*** Opening of THE DATA ***

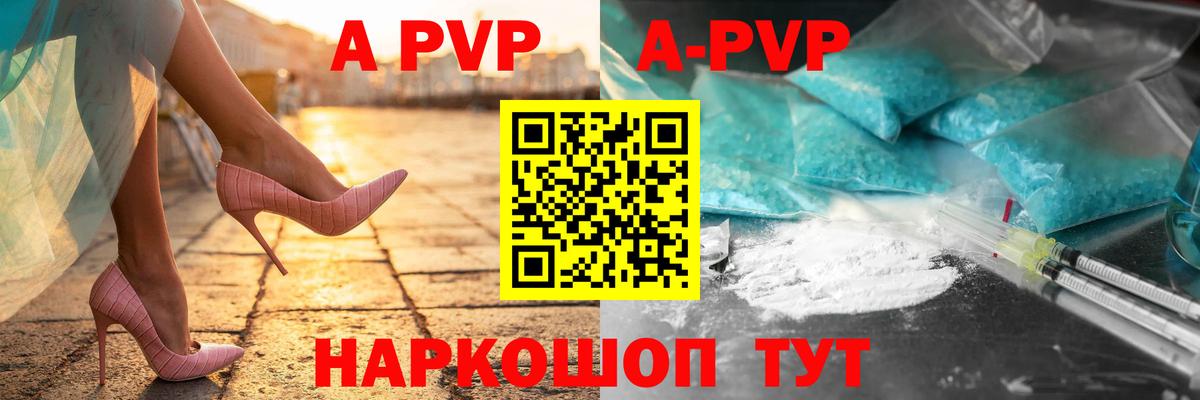 Alfa_PVP СК Изобильный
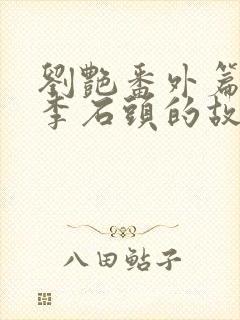 刘艳番外篇续写李石头的故事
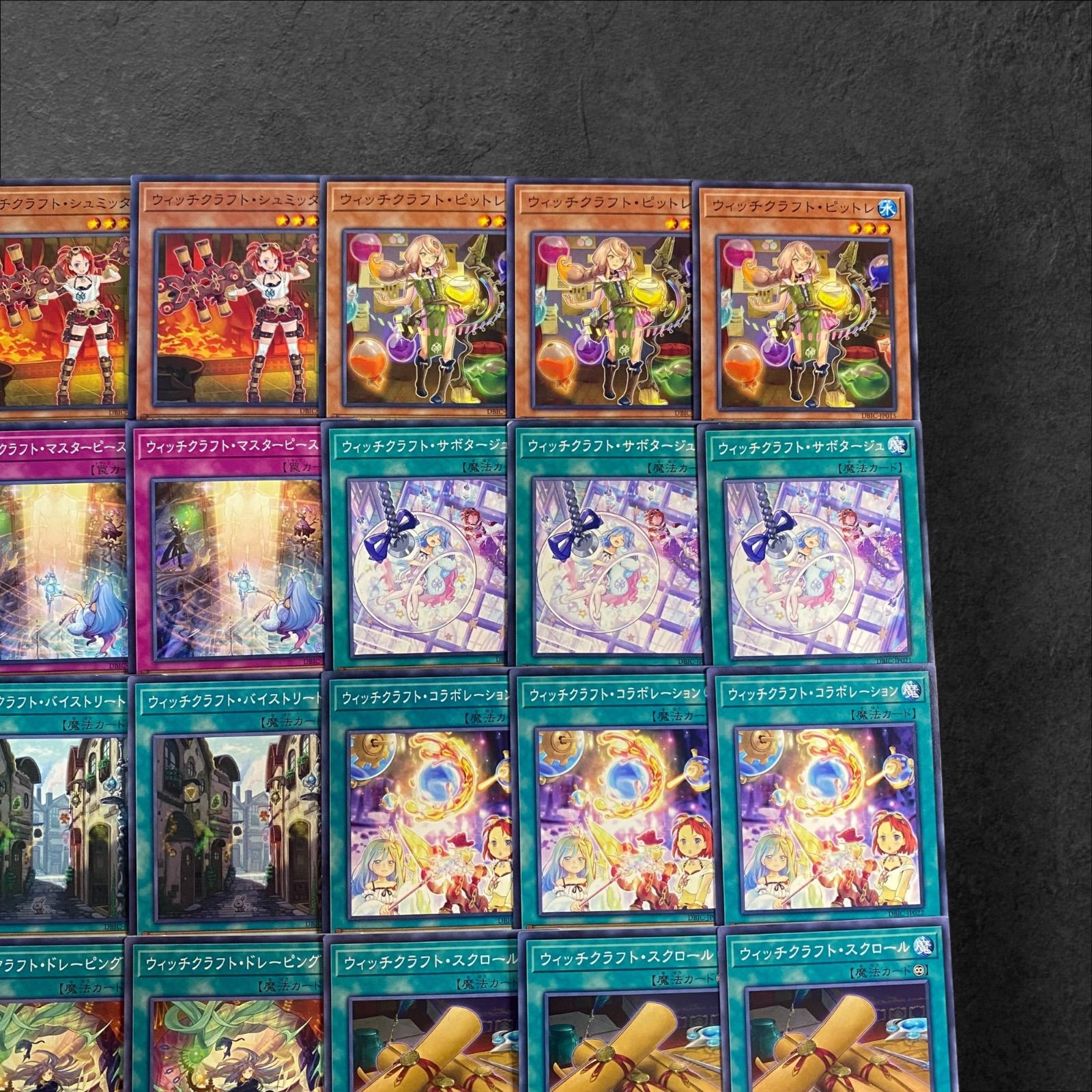 No.943 ウィッチクラフト デッキ 遊戯王 構築済みデッキ　おまけパーツ付! No.943 ウィッチクラフト デッキ 遊戯王 構築済みデッキ おまけ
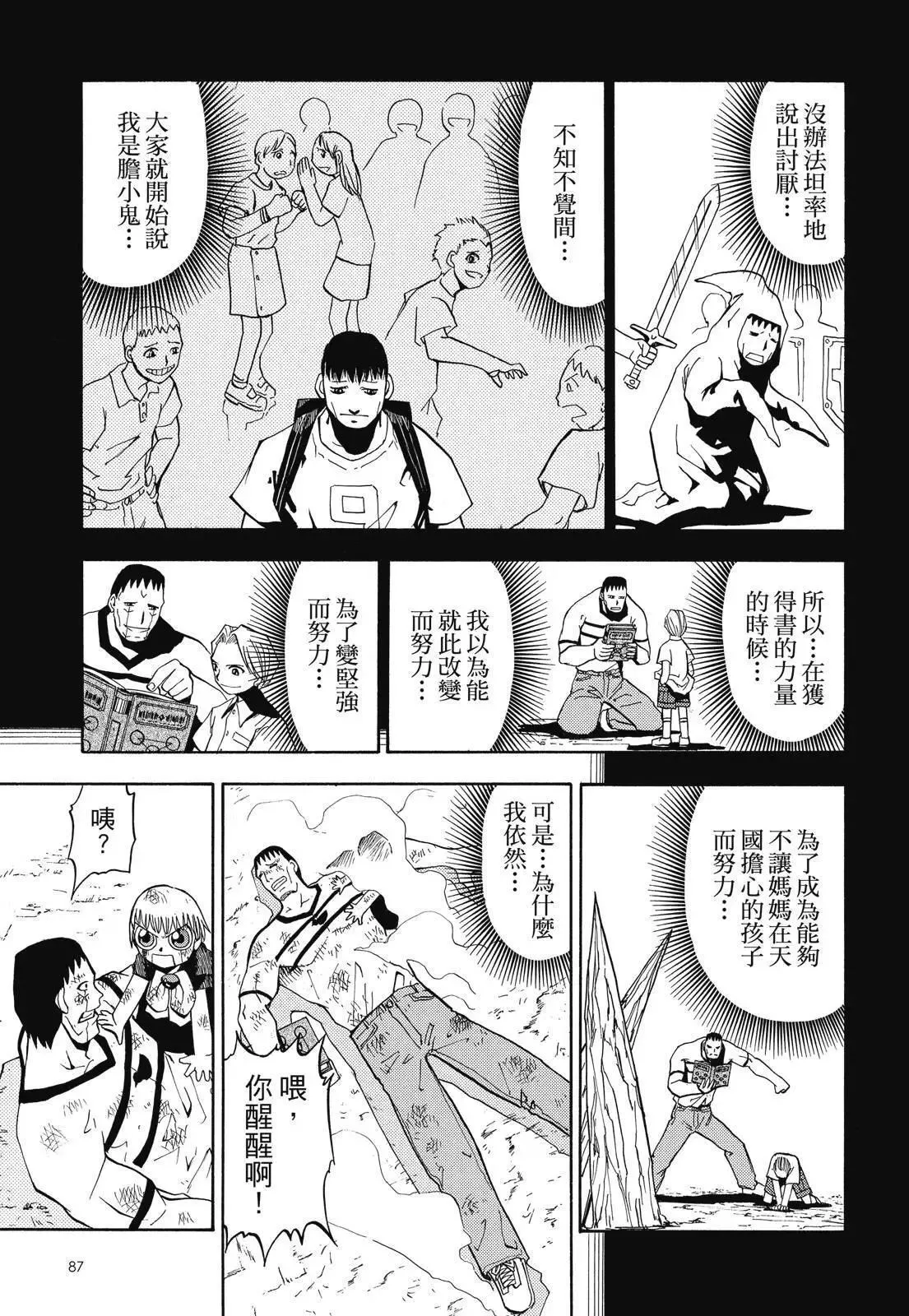 第02卷 第89页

*** Close of THE DATA ***

Ignoring the pictures, write out word for word the lines from the line containing "刘艳番外篇续写李石头的故事" through the end of the material above.

▶ _ANSWER TO THIS PROBLEM_:
 刘艳番外篇续写李石头的故事
 No.943 ウィッチクラフト デッキ 遊戯王 構築済みデッキ　おまけパーツ付! No.943 ウィッチクラフト デッキ 遊戯王 構築済みデッキ おまけ
 第02卷 第89页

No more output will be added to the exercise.